Even to title the present exhibition ‘The Other Masters’ does disservice to the collective spirit of these forms of expression, which spring from an energy source that is specific to a shared lifestyle and a common cosmic vision. The idea of the individual ‘genius’ is downplayed in these contexts and to overload this ‘civilised’ idea on them is, in fact, to destroy them. That the Gond artist Jangarh Shyam would fall a tragic victim to this atomisation was almost inevitable. Today, his younger brother Bajju Shyam is enjoying similar individual celebrityhood as his illustrated books for Tara Publications are all the rage in Europe. Luckily, he benefits from some empathetic handholding.

The brief moment of honour for adivasi art in India happened when, in 1982, Bharat Bhavan opened in Bhopal with a specific section in its visual arts segment that included a substantial collection from Bhil, Gond and Bastar creations. Under the curatorship of artist J Swaminathan, it was to remain a primary centre for adivasi expression for over a decade. In recent years, the Kerala Lalit Kala Akademi too, through initiatives by its secretary Sathyapal, has been host to some of the most dynamic workshops, camps and exhibitions of Indian adivasi art.

Adivasi epistemology saw no distinction between life, labour and art. In any average Gond, Bastar or Warli village everybody paints, sings and dances. There is no specially trained cadre that exclusively performs these tasks for others to consume as spectators. Today most of the tribal communities that have nurtured such holistic philosophies are dismembered and lie in shambles. The modern State has not only aggressed on their lands and their forests but also on their sense of selfhood. Whatever of their creative practices survive also poignantly illustrate their existential angst. The migrant adivasi in an urban space is newly re-constituted as an ‘artist’ who ekes out a living merely ‘decorating’ the interiors of the elite rather than ‘expressing’ her/his world view on the exteriors of the village walls. They become playthings of the demand/supply logic of global markets while, occasionally, being pulled centre-stage as ‘autonomous artists’ with dollar price-tags. This, as we saw, actually destroys their creative autonomy.

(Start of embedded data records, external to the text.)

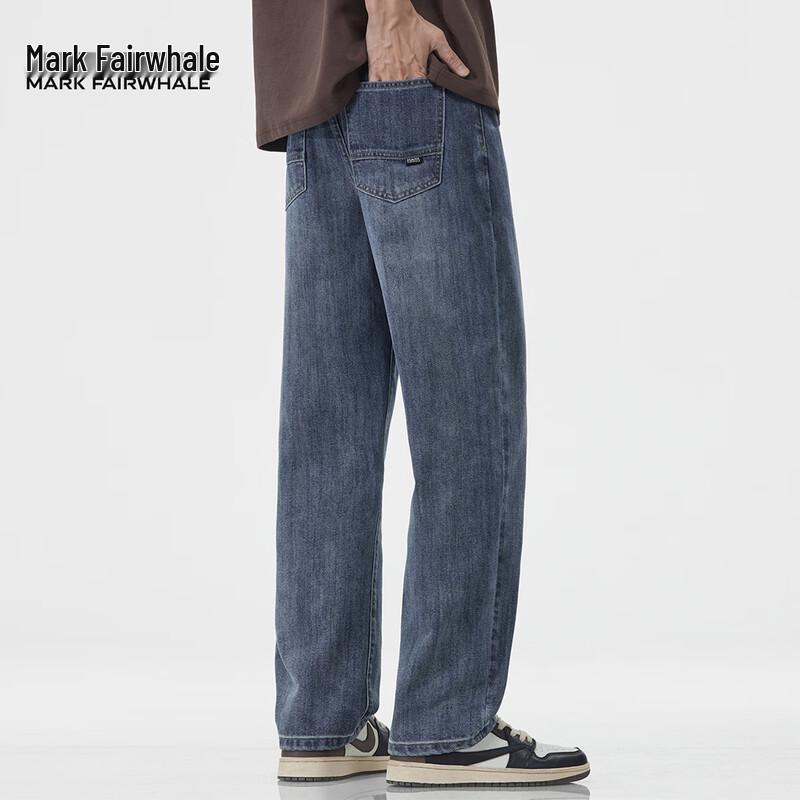 Mark Fairwhale Men's Vintage Straight-Leg Loose Jeans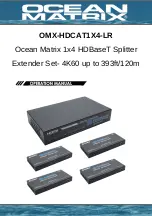 Предварительный просмотр 1 страницы Ocean Matrix OMX-HDCAT1X4-LR Operation Manual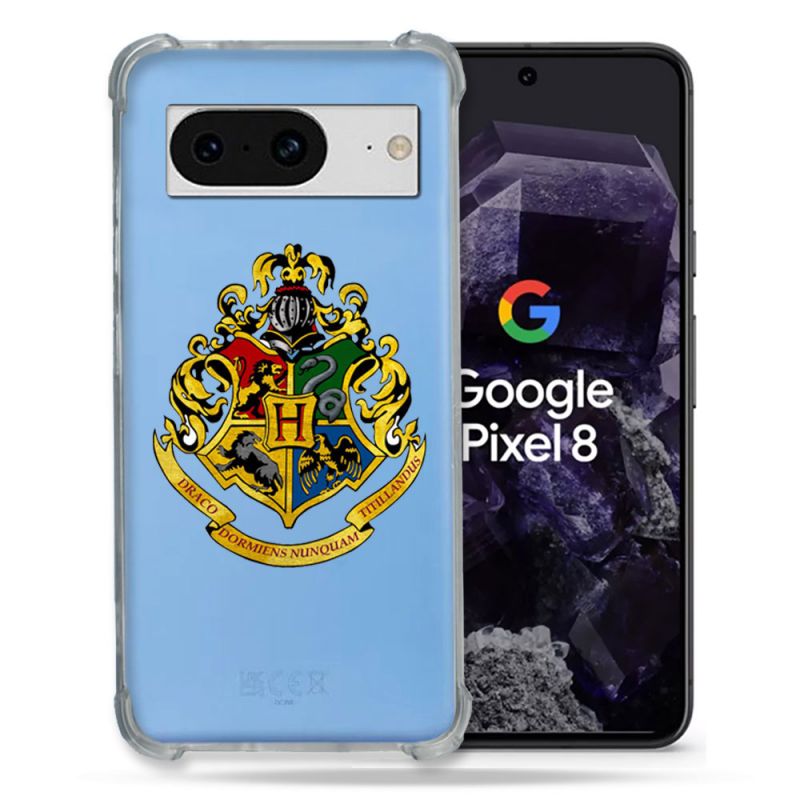 Coque Transparente Renforcée En Verre Trempé Pour Google Pixel 8 Harry Potter Poudlard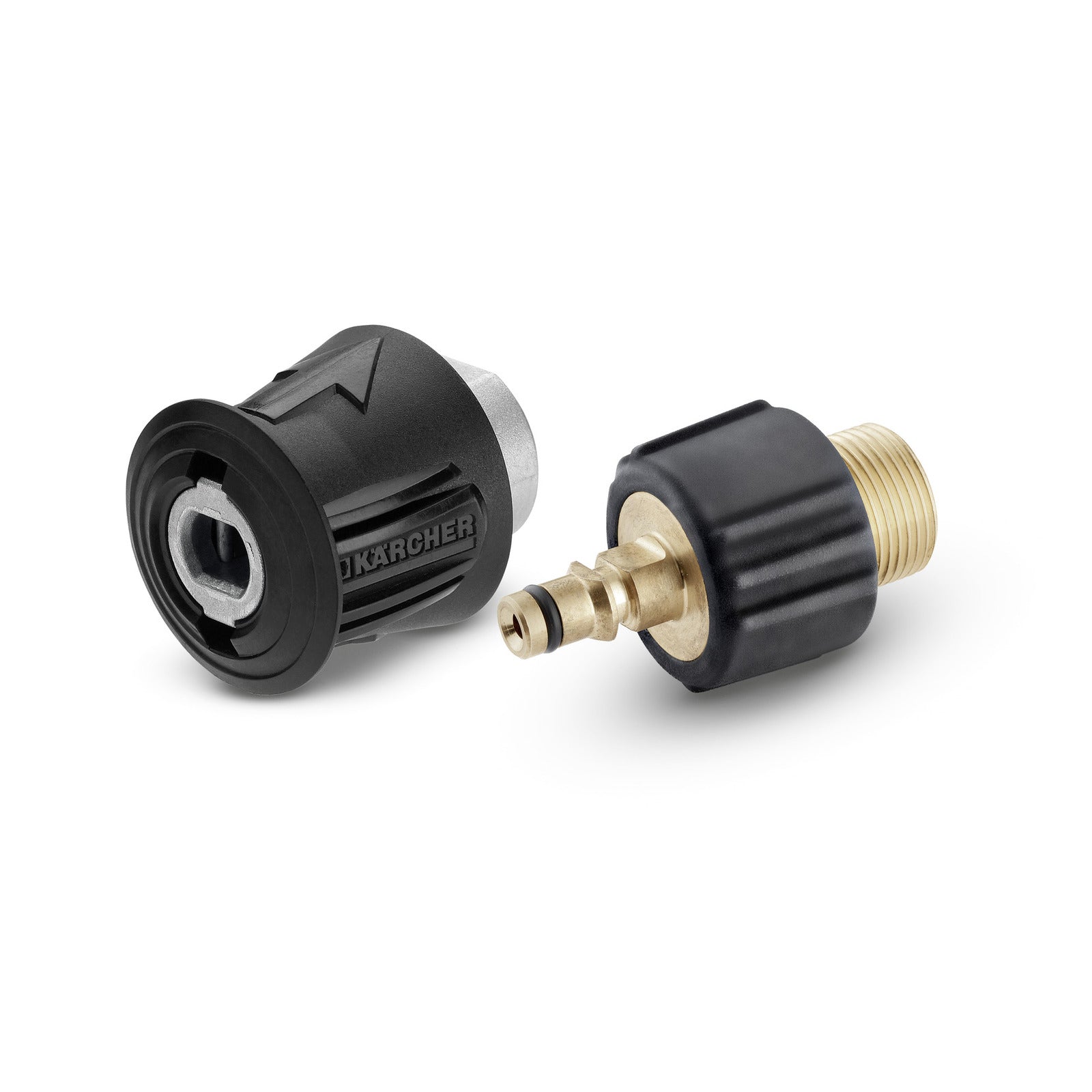 Kärcher Adapter 2.643-037.0 – Messing, schwarz, 1 Stk., 4,5 × 8,0 × 6,0 cm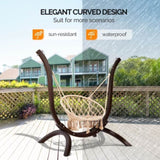 Wooden Hammock Stand Only, Sun Protection & Rain Resistant, Heavy Duty Premium Solid Wood Hammock 28138678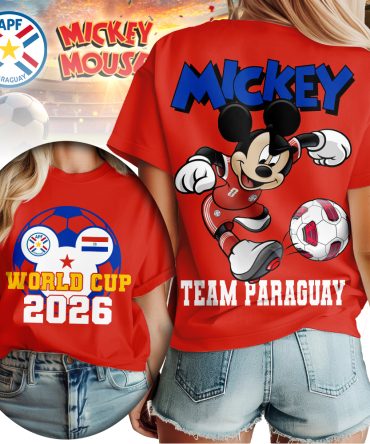 Paraguay , Premium Wc26 Mickey Women Shirt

Contemporary mass tourism has also produced an informal economy of ‘fake’ producers, peddling craftily simulated stuff, surfing the fashion and boutique outlets and driving the final nail in the coffin of adivasi self-reliance. The grim reality of the ‘internal imperialism’ that the adivasi is subjected to gets neutralised and sprayed over by the flattening effects of the ‘Creative and Cultural Industries’.

In his foreword, in 1957, to the important tract by Verrier Elwin, A Philosophy for NEFA [North-Eastern Frontier Alliance], Jawaharlal Nehru wrote: “I am not at all sure which is the better way of living, the tribal or our own. In some respects I am quite certain theirs is better… There is no point in trying to make them a second-rate copy of ourselves… People should develop along the lines of their own genius and we should avoid imposing anything on them. We should try to encourage in every way their own traditional arts and culture.”

Alas, independent India has had little time or inclination for such niceties. Indian adivasi art might be a curiosity and draw huge crowds in Europe. In India it continues to remain as threatened a species as the adivasi herself.